L’Europe face à la Turquie: tout à gagner…ou à perdre
Kemal Kiliçdaroglu, l’opposant à Erdogan, porte les espoirs du camp occidental pour une Turquie plus moderne et plus ouverte. Avec 45 % des voix, ses chances de l’emporter le 28 mai au second tour de l’élection présidentielle, sont minces mais pas nulles
Nous européens y avons cru et avons encore envie d’y croire : Kemal Kiliçdaroglu peut-il encore renverser le président Erdogan en poste depuis vingt ans ? Dimanche 14 mai, lors du premier tour, la « stabilité et la sécurité » l’ont emporté, s’est réjoui Erdogan à l’annonce de son résultat de 49,4 % des voix. Favori, ce résultat le contraint pour la première fois depuis vingt ans à un second tour de scrutin.

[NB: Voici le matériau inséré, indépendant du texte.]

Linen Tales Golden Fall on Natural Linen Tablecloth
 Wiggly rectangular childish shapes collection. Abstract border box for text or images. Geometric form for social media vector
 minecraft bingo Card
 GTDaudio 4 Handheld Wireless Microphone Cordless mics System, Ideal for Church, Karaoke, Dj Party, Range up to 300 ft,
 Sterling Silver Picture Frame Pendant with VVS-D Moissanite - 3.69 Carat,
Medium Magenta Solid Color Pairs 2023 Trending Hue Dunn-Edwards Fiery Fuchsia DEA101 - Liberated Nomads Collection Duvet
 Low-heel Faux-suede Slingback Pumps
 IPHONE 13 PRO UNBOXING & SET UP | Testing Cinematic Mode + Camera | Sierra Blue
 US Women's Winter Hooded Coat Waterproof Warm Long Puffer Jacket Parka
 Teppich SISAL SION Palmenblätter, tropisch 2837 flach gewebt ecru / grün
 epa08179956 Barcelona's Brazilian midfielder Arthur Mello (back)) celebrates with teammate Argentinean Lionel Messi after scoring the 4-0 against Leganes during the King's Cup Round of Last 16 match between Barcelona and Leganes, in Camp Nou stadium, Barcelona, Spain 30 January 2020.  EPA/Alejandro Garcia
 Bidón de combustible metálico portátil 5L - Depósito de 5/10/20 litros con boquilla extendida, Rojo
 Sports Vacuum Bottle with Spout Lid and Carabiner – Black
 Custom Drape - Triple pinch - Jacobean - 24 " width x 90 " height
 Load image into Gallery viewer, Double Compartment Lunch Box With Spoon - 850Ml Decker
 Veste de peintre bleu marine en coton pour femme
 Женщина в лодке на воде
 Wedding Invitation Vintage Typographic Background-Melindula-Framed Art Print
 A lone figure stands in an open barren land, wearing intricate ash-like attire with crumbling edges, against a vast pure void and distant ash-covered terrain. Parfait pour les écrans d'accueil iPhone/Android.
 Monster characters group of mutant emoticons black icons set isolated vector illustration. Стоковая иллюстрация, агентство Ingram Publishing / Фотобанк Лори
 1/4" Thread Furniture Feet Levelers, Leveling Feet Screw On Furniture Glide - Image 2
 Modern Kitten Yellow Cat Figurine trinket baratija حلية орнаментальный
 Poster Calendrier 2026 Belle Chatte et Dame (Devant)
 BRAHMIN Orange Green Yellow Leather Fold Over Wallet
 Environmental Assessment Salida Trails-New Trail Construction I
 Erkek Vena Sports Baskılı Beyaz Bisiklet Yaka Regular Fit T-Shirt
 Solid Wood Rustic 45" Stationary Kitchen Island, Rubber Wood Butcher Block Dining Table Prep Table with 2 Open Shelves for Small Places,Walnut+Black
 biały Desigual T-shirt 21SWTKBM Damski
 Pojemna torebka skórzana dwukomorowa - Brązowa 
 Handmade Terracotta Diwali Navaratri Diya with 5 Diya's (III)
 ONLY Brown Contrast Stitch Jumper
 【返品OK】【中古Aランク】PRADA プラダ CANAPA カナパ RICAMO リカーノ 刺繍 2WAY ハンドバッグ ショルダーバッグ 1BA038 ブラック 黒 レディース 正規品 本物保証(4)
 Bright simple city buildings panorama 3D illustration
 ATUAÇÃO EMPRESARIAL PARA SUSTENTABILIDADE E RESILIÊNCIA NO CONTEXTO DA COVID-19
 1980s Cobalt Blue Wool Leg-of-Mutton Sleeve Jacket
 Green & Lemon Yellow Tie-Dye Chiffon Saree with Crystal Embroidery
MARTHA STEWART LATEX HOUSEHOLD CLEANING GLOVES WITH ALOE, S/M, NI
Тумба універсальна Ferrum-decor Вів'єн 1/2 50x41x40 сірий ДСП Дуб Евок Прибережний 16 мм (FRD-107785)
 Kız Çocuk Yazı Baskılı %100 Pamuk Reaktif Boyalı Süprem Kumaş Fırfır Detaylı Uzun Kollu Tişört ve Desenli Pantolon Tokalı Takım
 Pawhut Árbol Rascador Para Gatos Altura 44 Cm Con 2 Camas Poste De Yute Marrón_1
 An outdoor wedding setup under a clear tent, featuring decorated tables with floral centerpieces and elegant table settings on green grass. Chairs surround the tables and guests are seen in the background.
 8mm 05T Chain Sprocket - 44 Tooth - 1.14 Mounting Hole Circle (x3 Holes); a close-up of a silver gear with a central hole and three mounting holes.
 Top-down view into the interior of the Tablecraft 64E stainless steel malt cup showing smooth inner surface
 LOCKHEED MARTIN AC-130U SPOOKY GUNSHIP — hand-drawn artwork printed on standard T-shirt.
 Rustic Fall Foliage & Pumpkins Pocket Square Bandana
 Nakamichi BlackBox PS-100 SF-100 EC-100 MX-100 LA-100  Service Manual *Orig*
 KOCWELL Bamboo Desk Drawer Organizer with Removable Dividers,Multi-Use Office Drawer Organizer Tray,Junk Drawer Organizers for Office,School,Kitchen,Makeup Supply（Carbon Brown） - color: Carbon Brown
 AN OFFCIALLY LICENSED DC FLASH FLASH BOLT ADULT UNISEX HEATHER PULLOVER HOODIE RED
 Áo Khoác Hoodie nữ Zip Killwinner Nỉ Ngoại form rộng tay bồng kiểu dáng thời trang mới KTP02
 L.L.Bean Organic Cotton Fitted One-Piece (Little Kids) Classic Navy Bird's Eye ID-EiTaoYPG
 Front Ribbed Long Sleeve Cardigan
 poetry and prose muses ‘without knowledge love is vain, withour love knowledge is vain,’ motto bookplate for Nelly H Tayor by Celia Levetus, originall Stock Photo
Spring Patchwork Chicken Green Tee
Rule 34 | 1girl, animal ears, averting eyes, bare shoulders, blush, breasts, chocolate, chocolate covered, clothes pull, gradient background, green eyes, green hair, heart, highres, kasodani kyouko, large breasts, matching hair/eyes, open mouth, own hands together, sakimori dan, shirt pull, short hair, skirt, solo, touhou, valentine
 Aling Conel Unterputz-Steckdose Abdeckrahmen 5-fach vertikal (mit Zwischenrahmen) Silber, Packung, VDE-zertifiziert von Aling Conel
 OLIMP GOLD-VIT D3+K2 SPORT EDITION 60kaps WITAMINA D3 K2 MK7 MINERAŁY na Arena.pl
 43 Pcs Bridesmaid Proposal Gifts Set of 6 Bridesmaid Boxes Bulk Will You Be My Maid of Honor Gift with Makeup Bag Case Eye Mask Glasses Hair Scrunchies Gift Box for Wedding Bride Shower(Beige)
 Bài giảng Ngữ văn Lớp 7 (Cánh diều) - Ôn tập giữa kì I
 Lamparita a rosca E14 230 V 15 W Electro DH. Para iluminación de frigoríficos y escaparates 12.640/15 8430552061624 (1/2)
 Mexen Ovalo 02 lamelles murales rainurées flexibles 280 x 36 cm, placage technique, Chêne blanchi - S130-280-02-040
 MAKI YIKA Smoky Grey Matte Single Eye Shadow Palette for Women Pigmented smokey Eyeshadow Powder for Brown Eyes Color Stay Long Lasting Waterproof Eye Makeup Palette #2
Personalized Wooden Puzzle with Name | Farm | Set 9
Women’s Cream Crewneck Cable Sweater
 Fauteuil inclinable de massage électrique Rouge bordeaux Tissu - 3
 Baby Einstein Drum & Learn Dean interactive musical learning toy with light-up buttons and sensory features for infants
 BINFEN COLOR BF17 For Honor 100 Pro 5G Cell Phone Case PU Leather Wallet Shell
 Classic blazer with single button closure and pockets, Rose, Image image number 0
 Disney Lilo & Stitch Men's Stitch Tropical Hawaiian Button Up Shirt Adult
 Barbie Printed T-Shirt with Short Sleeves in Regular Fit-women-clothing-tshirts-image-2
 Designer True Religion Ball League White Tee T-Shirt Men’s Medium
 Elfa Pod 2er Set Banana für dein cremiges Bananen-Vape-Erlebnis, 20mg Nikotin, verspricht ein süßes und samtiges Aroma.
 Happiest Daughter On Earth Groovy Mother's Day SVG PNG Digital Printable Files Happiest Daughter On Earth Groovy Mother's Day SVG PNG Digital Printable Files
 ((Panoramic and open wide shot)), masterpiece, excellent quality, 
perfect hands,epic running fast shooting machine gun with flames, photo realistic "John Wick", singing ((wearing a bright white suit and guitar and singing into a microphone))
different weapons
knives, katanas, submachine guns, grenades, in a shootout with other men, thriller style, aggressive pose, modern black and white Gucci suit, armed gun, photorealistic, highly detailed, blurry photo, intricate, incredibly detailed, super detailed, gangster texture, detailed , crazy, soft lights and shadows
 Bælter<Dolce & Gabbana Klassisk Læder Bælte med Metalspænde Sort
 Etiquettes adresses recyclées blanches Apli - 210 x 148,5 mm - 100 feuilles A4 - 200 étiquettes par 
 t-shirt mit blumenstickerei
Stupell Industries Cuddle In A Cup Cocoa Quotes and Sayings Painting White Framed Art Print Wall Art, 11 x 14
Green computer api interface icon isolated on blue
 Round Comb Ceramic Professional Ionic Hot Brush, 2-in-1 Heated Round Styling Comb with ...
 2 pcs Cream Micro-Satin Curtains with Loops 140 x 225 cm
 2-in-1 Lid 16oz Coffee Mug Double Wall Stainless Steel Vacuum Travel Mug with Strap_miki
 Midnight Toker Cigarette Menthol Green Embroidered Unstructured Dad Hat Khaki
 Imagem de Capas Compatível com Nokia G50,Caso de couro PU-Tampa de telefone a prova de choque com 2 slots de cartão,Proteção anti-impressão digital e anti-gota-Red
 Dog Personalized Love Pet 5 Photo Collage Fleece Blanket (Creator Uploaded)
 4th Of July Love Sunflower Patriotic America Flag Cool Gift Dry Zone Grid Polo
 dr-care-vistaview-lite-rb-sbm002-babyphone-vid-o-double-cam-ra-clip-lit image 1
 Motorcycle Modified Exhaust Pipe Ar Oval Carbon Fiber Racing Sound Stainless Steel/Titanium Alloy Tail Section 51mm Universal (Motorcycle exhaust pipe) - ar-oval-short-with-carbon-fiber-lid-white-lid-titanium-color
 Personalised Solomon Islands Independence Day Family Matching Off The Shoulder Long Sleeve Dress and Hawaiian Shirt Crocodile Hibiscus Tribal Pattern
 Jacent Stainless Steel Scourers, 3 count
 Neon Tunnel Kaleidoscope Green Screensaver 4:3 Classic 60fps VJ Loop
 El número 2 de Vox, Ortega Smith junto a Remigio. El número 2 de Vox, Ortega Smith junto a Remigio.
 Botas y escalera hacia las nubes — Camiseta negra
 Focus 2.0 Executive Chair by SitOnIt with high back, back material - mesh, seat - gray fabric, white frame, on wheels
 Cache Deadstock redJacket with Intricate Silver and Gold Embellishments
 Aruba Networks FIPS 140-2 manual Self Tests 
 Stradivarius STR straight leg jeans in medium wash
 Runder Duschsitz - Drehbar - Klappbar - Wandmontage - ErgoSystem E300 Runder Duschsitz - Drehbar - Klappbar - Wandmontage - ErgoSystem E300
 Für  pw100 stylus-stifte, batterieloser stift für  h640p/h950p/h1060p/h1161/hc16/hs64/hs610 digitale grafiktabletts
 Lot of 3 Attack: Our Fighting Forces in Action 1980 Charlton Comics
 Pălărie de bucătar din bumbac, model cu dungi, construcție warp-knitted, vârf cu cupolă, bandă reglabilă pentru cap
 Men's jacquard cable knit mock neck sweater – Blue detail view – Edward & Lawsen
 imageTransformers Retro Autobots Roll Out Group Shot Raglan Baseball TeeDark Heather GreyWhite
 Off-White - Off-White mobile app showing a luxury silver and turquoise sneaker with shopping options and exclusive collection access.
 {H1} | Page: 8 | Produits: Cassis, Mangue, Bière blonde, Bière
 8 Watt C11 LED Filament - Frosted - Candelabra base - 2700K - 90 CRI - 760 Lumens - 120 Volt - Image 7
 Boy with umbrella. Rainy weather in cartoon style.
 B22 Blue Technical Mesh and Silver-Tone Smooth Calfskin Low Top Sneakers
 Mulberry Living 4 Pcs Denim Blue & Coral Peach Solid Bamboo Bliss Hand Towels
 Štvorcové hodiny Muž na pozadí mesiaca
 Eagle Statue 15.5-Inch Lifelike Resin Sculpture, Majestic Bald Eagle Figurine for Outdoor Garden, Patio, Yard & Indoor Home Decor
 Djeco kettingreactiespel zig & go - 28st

Le pays est divisé entre la Turquie profonde que symbolise Erdogan et l’élan insufflé par la jeune génération en faveur d’une Turquie plus moderne porté par Kiliçdarogolu.
Le 14 mai, Erdogan a bénéficié de trois soutiens.
D’abord, celui des musulmans conservateurs inquiets de l’alévisme – courant minoritaire, progressiste et humaniste- que revendique son opposant. Ensuite, de chefs d’entreprise influents, bénéficiaires de son clientélisme depuis vingt ans. Enfin, des médias, sous la coupe d’Erdogan, qui lui ont accordé 48 heures d’antenne pendant la campagne électorale contre seulement… 32 minutes à son rival.
Pour l’Europe, la déception est grande tant les sondages annonçaient Erdogan battu. Tout comme l’Europe n’avait pas voulu croire en la victoire de Donald Trump ni vu venir la volonté de Vladimir Poutine d’envahir l’Ukraine. Une Europe qui ne comprend plus l’attachement des Turcs à un président marqué par la corruption et l’autocratisme civil et militaire. Et s’inquiète d’une Turquie prête à rejoindre la galaxie des pays hostiles au camp occidental.
Vus d’ici, les enjeux du 28 mai sont considérables. Erdogan au pouvoir, c’est un président qui refuse de prendre parti dans la guerre en Ukraine et affiche volontiers sa proximité avec Vladimir Poutine. A la tête d’un grand pays qui abrite les bases stratégiques de l’OTAN indispensables aux Américains pour se déployer vers l’Est. Toute une partie du monde devenue le point névralgique d’une éventuelle guerre de haute intensité. Avec désormais un « allié » à la fiabilité douteuse.
Face à l’Europe, la Turquie d’Erdogan oppose aujourd’hui un régime marqué par son repli sur un islam proche des Frères musulmans, obsédé par une lutte systématique contre les Kurdes et qui exige des Européens un prix fort pour accepter de maintenir sur son territoire 3,6 millions de réfugiés syriens.
Pour Paris, elle incarne le régime dominateur et incontrôlable du « reis » Erdogan dont les relations avec Emmanuel Macron sont exécrables.
Existe-t-il encore un espoir de changer le cours de l’histoire ? La clé de l’élection réside dans le MHP, parti ultra-nationaliste qui, avec ses 5 % des voix, tient dans ses mains le sort du vainqueur.
Paradoxe : Sinan Ogan, leader du MHP, est membre déterminant de la majorité parlementaire aux côtés de l’AKP, donc un allié naturel d’Erdogan. Mais il se dit pourtant prêt à rencontrer Kemal Kiriçdaroglu. Qu’ont-ils à se dire ou à négocier ? Réponse d’ici le 28 mai.